Ontario Goes Online

by , Apr 14, 2013 | 9:49 am

The Ontario Lottery and Gaming Corporation (OLG) announced this past Friday that it has selected a vendor to be its online gaming services provider through PlayOLG.ca. Spielo G2 won the contract. The first phase of the online rollout for PlayOLG will include lottery (e.g., Lotto 6/49) and unspecified gaming offerings. Subsequent rollout phases are to include bingo, sportsbetting (perhaps single sports wagering if Bill C-290 passes?), Internet poker, and “other new products.” Ontarians are supposed to be able to use PlayOLG.ca by late 2013.

(We shall see.

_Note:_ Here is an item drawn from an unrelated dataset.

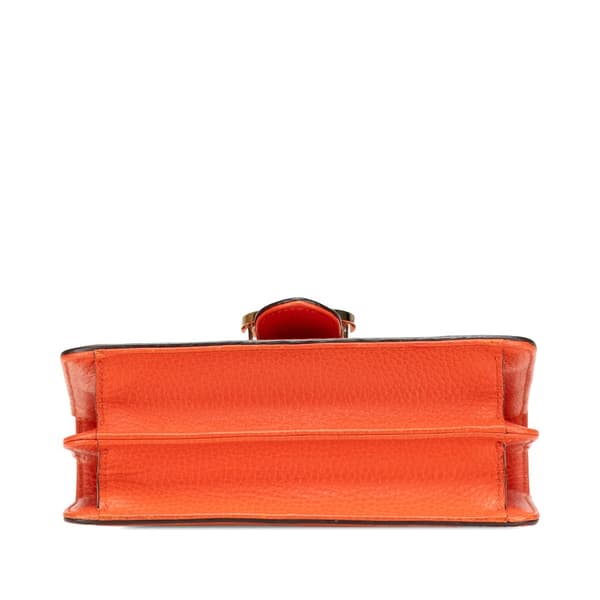 Pre-owned Gucci Small Dollar Calfskin Interlocking G Crossbody Orange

Ontario’s Auditor General is reviewing OLG’s modernization plan at the behest of a provincial legislative committee. That review is to include the OLG’s online gaming rollout. Rod Phillips, OLG’s president and CEO, tweeted on Thursday that its modernization and procurement processes are to “continue, no changes,” but the Auditor General’s probe may compel major alterations to the current plans.)

OLG’s press release on the vendor selection suggests that Ontarians spend $400M annually on Internet gaming. That number has never been publicly explained or supported by OLG, to my knowledge, but it may be right; Canada’s Internet gaming and betting market is supposed to be worth $1-1.2B annually, and Ontario has ~40% of Canada’s population. Early last year, OLG said in its Strategic Review that it could obtain $100M in profit from Internet gaming by 2018. Note from its press release that OLG now thinks that the net profit to Ontario from online gaming “could increase” by $375M by 2018.

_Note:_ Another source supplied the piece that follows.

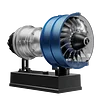 TECHING Turbofan Engine Model Kit CFM-56 Jet Engine Dual Spool High Bypass Ratio Engine 1/12 Electric-Powered DIY Assembly Motor (300+PCS)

It’s never been clear to me or to anyone I’ve talked to how these numbers are supported or derived, but let’s think about them. Let’s assume a straight line accrual for the province over the next five years, which strikes me as likely wrong, but it gives OLG the benefit of the doubt (i.e., there’s no ‘ramping up’ period and it only expects to receive 1/5 of its profit in year 5). On $375M in total over 5 years, that’s $75M in profit in 2017-18 alone. All wagers by Ontarians (not profits to Internet gaming operators) are supposed to be $400M right now. So the province thinks it’s going to jump in and capture almost 20% of the Ontario Internet gaming market as profit within five years. And presumably the amount wagered on PlayOLG.ca will be much higher to support that profit margin.

But that’s based on the current estimate of the value of the Ontario market ($400M), so now let’s assume that the market grows by 10% per year until 2018. (I don’t have any basis for that estimate. Perhaps OLG has a better set of estimates, but they haven’t shared them. Ten per cent seems aggressive to me, but I could be wrong about it.) That makes the value of all Internet wagers in Ontario almost $586M in 5 years, and OLG’s profit is still $75M, per our conservative assumption. That’s almost a profit margin of 13% on the total value of the Ontario industry, including OLG and all of its international competitors.

Can OLG do it? Conceptually, I suppose it’s possible. But without some basis for these figures from OLG, and given the size, liquidity, and experience of OLG’s international competitors, I think it’s hopelessly optimistic. The other provincial lotteries (BCLC and Loto-Quebec) have not been hitting it out of the park with their Internet gaming offerings; it’s not exactly clear to me why OLG thinks that it can.